Menurut Dosen Universitas Diponegoro, Wijayanto, Ph.D. bahwa Informasi yang benar itu seperti oksigen dalam demokrasi, dikarenakan berdasarkan informasi yang benar itu maka kemudian warga negara mengambil keputusan dalam pemilu, tidak hanya dalam pemilu sebenarnya dalam juga proses proses politik yang lain.
“Kaitannya dengan tahun 2024, sebenarnya koalisi damai sebenarnya sudah menginisiasi. Pada tanggal 22 Juni kita mengundang pemerintah dan juga platform untuk membicarakan apa yang dapat kita lakukan sehingga pemilu tahun 2024 dapat terbebas dari polusi digital, meskipun hal tersebut akan sangat berat dilakukan” bebernya.
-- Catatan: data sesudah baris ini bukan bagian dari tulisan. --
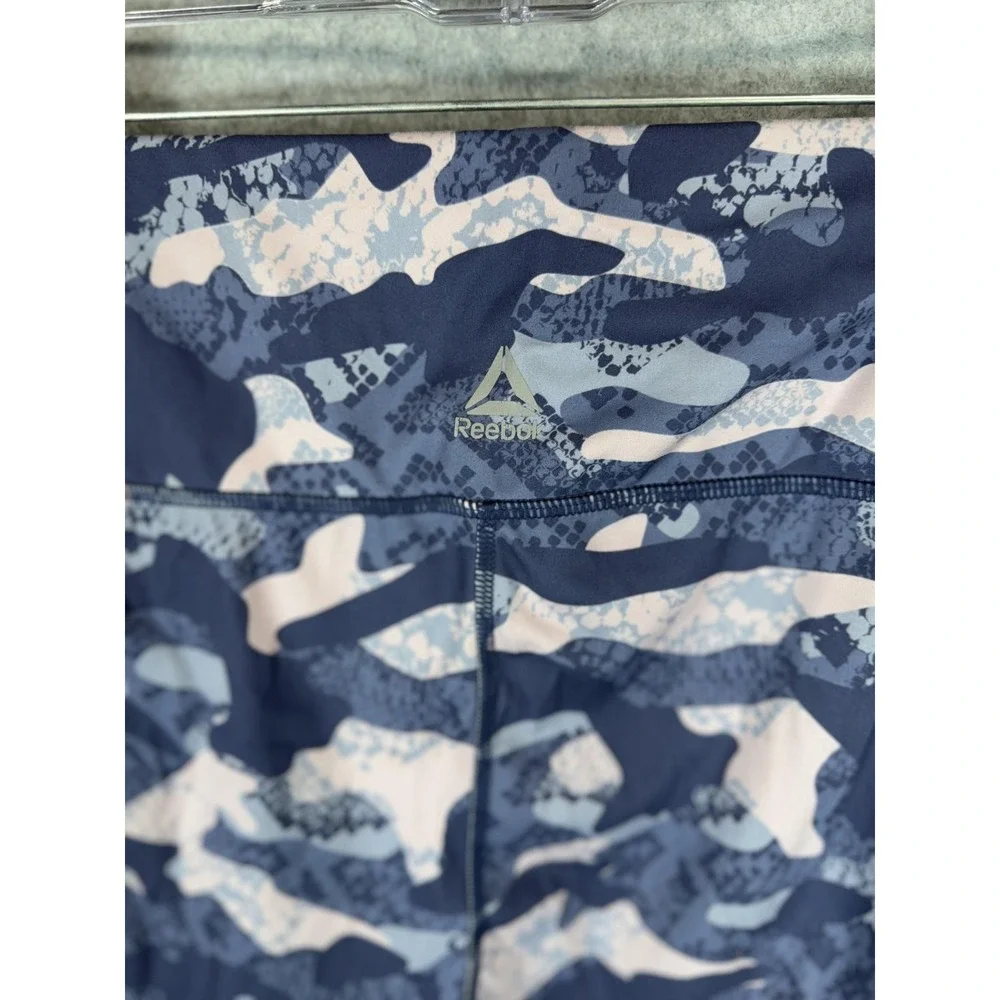 Reebok Leggings Womens XL Blue Pink Camo Athletic Workout Activewear Pockets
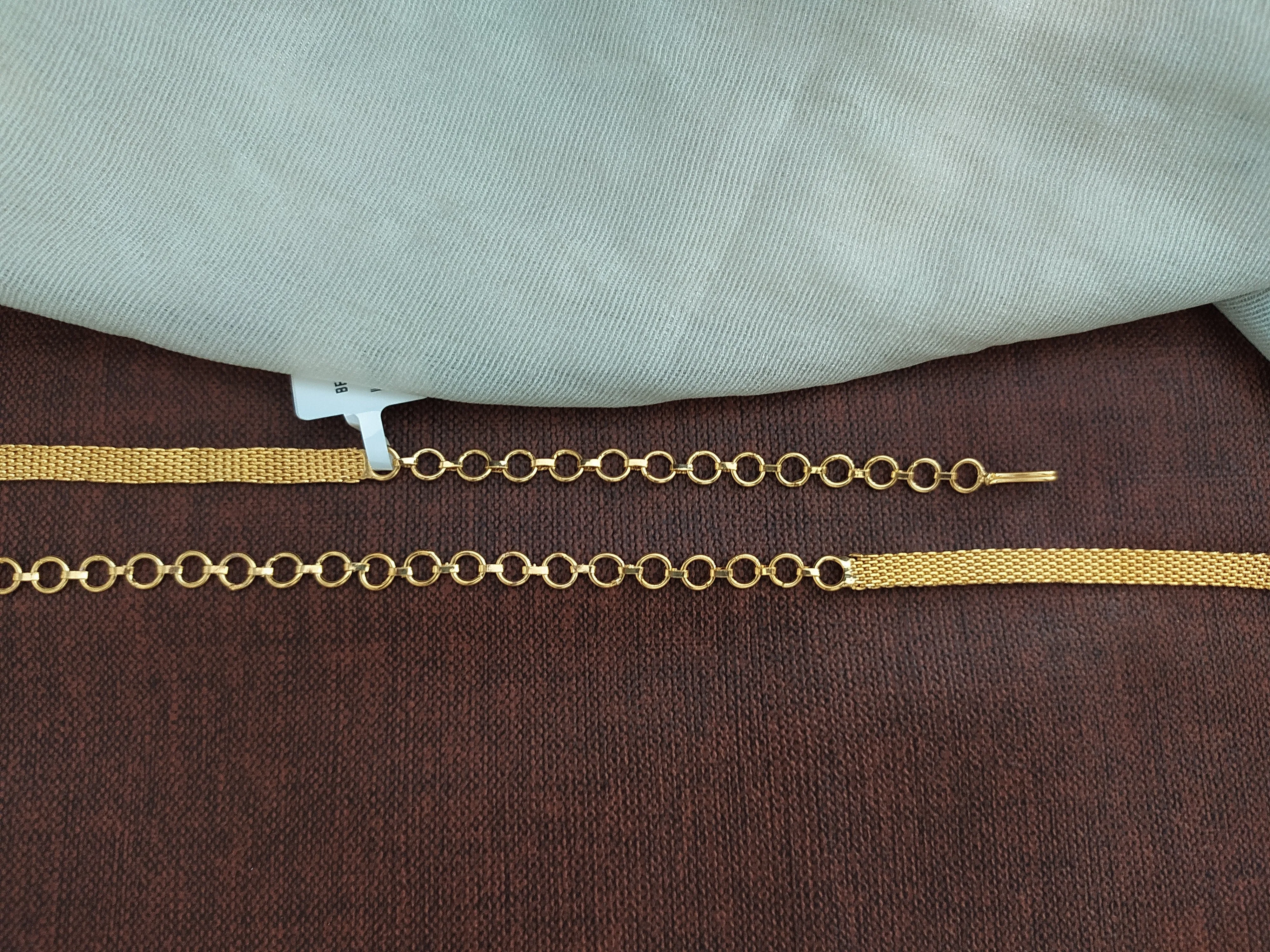 Gold-plated hip Chain with White Zircon Stones and Adjustable Chain Links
Peneliti PPPI, Septa Dinata, M.Si memaparkan bahwa polarisasi ini sangat dimungkinkan dengan cara kerja media digital itu sendiri, dalam politik ini sangat berbahaya karena mereka akan dihinggapi dan diasupi oleh informasi yang homogony, hanya oleh informasi yang mereka suka.
“Yang sangat mengkhawatirkan sebetulnya adalah, adanya global order yang berubah sangat radikal, tapi antisipasinya sangat minim. Mungkin bisa dikatakan sosial space kita saat ini 70%nya berada di ruang digital, dan saat ini dikuasai oleh raksasa2 perusahaan digital yang mempengaruhi bagaimana cara kita berinteraksi saat ini” ujar Septa.
Septa menegaskan bahwa media kita terglobalisasi, memungkinkan berinteraksi antar negara., konsep ruang dan waktu berubah secara drastis, tapi disaat bersamaan kita memelihara naluri purba, tentang identitas.
“Identitas itu bukan semakin lenyap, tapi muncul resistensi bahkan kekhawatiran yang berlebihan dan merasa terancam terhadap kekuatan raksasa ini sehingga menjadi reaktif. Itulah yang terjadi pada politik kita saat ini.” Pungkasnya.